On February 16, 2017, the U.S. Securities and Exchange Commission (SEC) announced an important policy change that reduces the number of SEC enforcement officials who can issue subpoenas and authorize SEC investigations.  Under the new policy, only the Director of the SEC’s Enforcement Division has the power to approve subpoena requests and/or initiate an SEC investigation.  This marks a departure from the policy that had been in place since 2009, where Assistant Directors in the SEC Enforcement Division possessed these subpoena approval and investigatory powers.

The SEC’s 2009 policy was intended to prevent future failures to detect and stop fraud on investors.  Those failures arguably plagued the SEC during the build up to the global financial crisis, and were most publicly evidenced by Bernie Madoff’s massive and undetected fraud on investors.  While the impact of this policy change is unclear, there are troubling signs that it could create a bottleneck for whistleblower claims.

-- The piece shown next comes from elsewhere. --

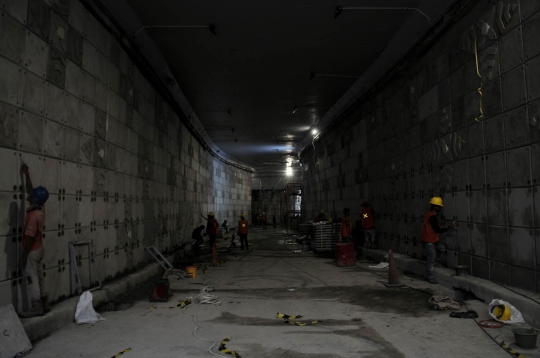 Menelusuri underpass Matraman yang bercabang dua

Should Whistleblowers Anticipate Further Changes?

Given our experience representing whistleblowers, we know that SEC investigations can be incredibly complex endeavors that many take years to resolve.  And in recent years, the SEC Enforcement Division’s aggressive pursuit of corporate fraudsters has been encouraging to whistleblowers.

But the new policy change could portend a less aggressive and more pro-business SEC, and it might constitute a step towards further deregulation of companies and the imposition of additional limits on the SEC’s enforcement power.

James Kidney, a former trial attorney with the SEC Enforcement Division, noted in a recent post discussing the policy change that the SEC appears to be “considering eliminating [subpoena] authority altogether.”  Kidney and other commentators have suggested that corporate interests pushed for the February 2017 policy change because of mounting frustration in recent years with the SEC’s more vigorous exercise of investigatory powers.  If the commentators’ speculation is accurate, whistleblowers and their counsel should remain vigilant about additional changes to SEC enforcement policies and rules in the coming months.

Will the SEC’s Investigatory Powers Weaken?

As my colleague Alexis Ronickher wrote in January, the future of financial regulation is still very much uncertain under the new administration, and that uncertainty particularly clouds the future of the 2010 Dodd-Frank Wall Street Reform and Consumer Protection Act.  As counsel to whistleblowers, we have reason to believe that statutory whistleblower retaliation protections will survive any changes to SEC-related laws and regulations, in part because those statutory protections have the support of certain influential Republicans in Congress.  But the SEC’s decision to strip enforcement authority from Assistant Directors may foreshadow a future in which the SEC’s investigatory powers degrade even further.  Although whistleblowers who report corporate fraudsters to the SEC should remain protected from retaliation, they may also now need to contend with a bureaucratic bottleneck that could be created by the SEC’s February 2017 policy change.